There was also confirmation of a 10-year rent settlement for social housing that will be pegged to the Consumer Price Index (CPI) plus 1%, and news that a long-awaited consultation on rent convergence will also take place. G15 members have suggested that the suspension of the rent convergence process in 2015 has led to London’s 15 leading housing associations losing around £2bn in income over the last decade.
What was conspicuous by its absence in The Chancellor, Rachel Reeves’ speech, and in the accompanying detailed documentation, was a move to reclassify the social housing sector as ‘critical infrastructure’. This redesignation of the sector has been a vocal cause close to the heart of many housing leaders and there will undoubtedly be disappointment that a step widely supported by many in the sector was not taken on this occasion.
Market speculation, that also failed to make it into the Spending Review, was an idea to redesignate Homes England as a ‘public finance institution’ to enable it to create financial assets through major investments or large-scale lending. Although there was reference in the detailed review papers of ‘catalysing additional private investment to further boost house building by confirming £4.8 billion in financial transactions from 26-27 to 29-30. This additional capacity will be managed by Homes England in a manner consistent with the government’s Financial Transactions Control Framework.’
Lee Goodenough, Director at Harmony Fire, commented: “Housing sector leaders expecting a further ‘rabbit out of the hat’ moment during The Chancellor’s speech this afternoon were left wanting, however the scale of the £39bn investment in the Affordable Homes Programme had already seen universal approval as transformative and great news for the sector.

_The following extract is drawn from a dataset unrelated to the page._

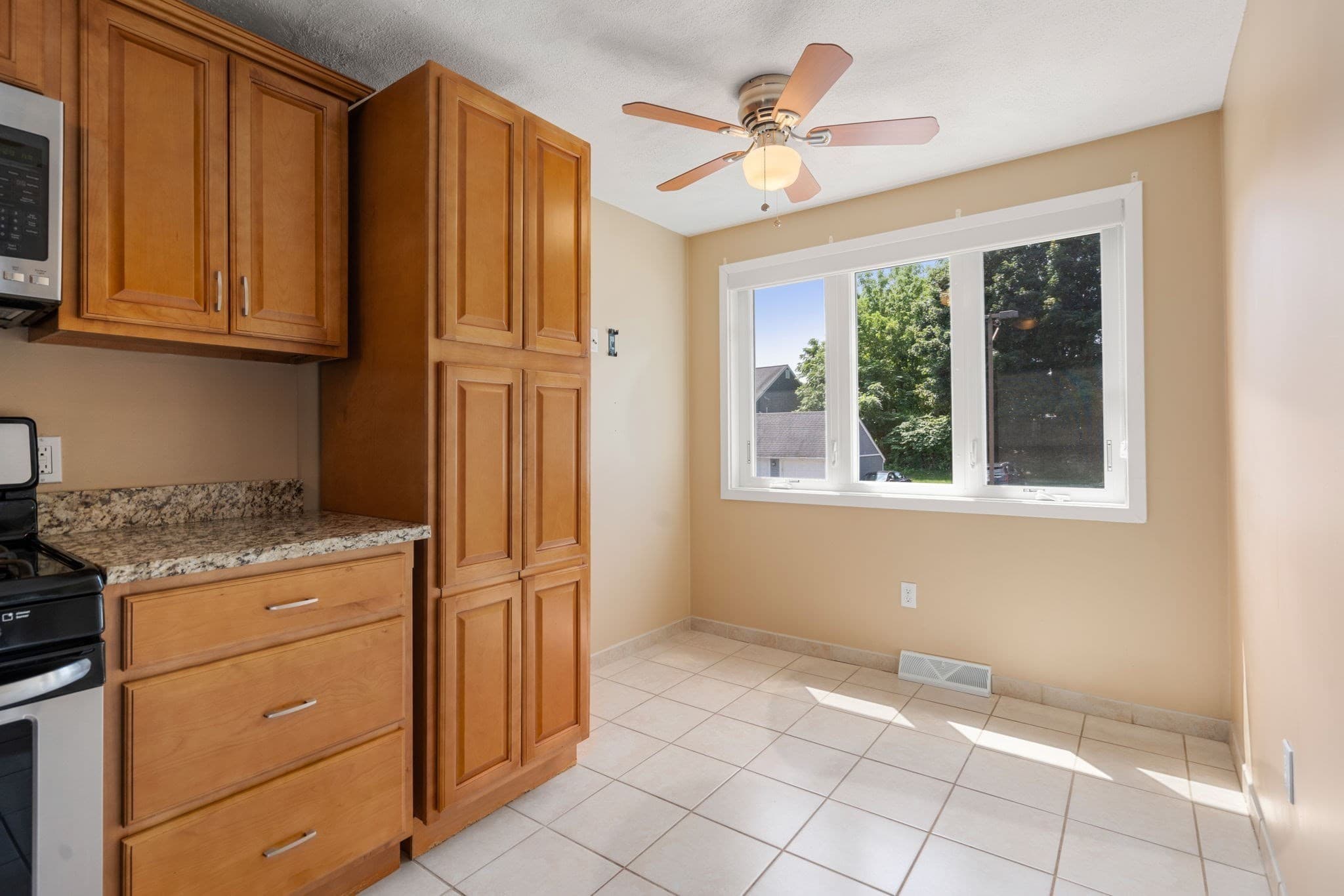 Condominium at 31 Blithewood Ave # 205, Worcester MA 01604, photo 8 of 34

“This major investment in social housing will change the calculus for many organisations that have previously been scaling back their new-build programmes and redirecting funding to upgrading and modernising existing assets. Through this new commitment, housing associations and local authorities will now have the capital allocations to both continue on vital programmes to improve the safety and comfort of homes for residents, while simultaneously building new infrastructure to tackle the urgent housing crisis.”